Einbruch in die Waffenkammer der GST in Bismark
12. Februar 1976
Information Nr. 117/76 über den im Zusammenhang mit einem geplanten Grenzdurchbruch erfolgten Einbruch in die Waffenkammer der GST in Bismark, Bezirk Magdeburg am 31. Dezember 1975
Am 21. Januar 1976 wurden die Bürger der DDR [Person 1], geboren am: [Tag] 1954, wohnhaft: [Adresse], letzte Tätigkeit: Kraftfahrer beim Deutschen Roten Kreuz in [Ort] und [Person 2], geboren am: [Tag] 1955, wohnhaft: [Adresse], letzte Tätigkeit: Schlosser beim [Betrieb], beim Versuch, die Staatsgrenze der DDR im Bereich der Grenzübergangsstelle Schönberg/Karl-Marx-Stadt in Richtung ČSSR mit einem privaten Pkw gewaltsam zu durchbrechen, von den Sicherheitsorganen der DDR festgenommen.

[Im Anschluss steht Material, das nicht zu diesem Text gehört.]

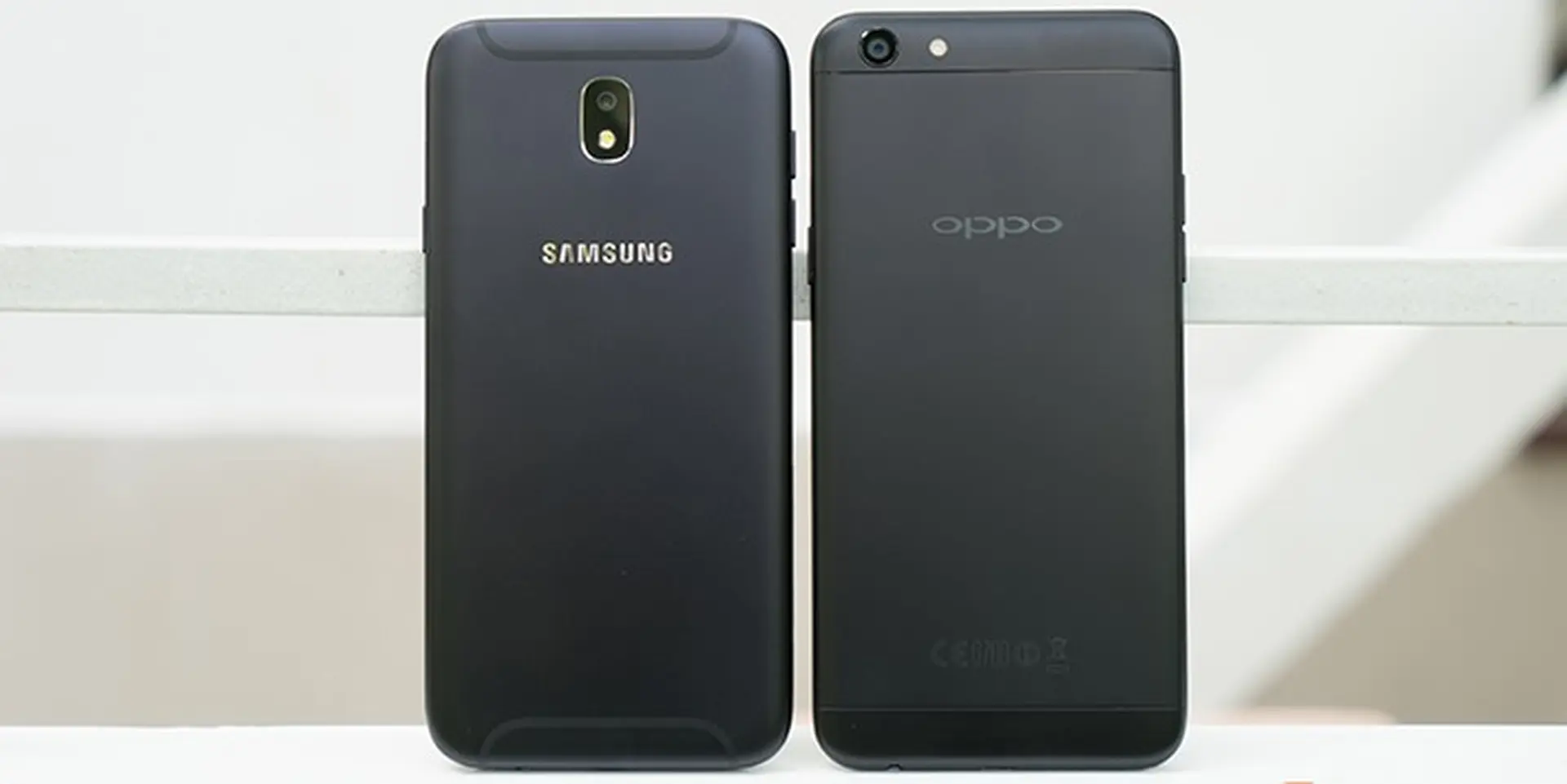 So sánh OPPO F3 và Samsung Galaxy J7 Pro: kỳ phùng địch thủ phân khúc 7 triệu đồng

Während des Kontroll- und Abfertigungsprozesses war festgestellt worden, dass sich hinter einer Rückenlehne des Pkw eine größere Anzahl Kleinkaliberpatronen befand. Die daraufhin eingeleitete Intensivkontrolle – der sich [Person 1] und [Person 2] durch eine gewaltsame Flucht in Richtung ČSSR entziehen wollten – ergab, dass sich im Pkw, unter der hinteren Sitzbank versteckt, zwei Kleinkaliber-Maschinenpistolen, Typ Kalaschnikow 69, und 1 360 Schuss dazugehöriger KK-Munition befanden sowie im Kofferraum ein selbstgefertigter Sprengkörper versteckt war.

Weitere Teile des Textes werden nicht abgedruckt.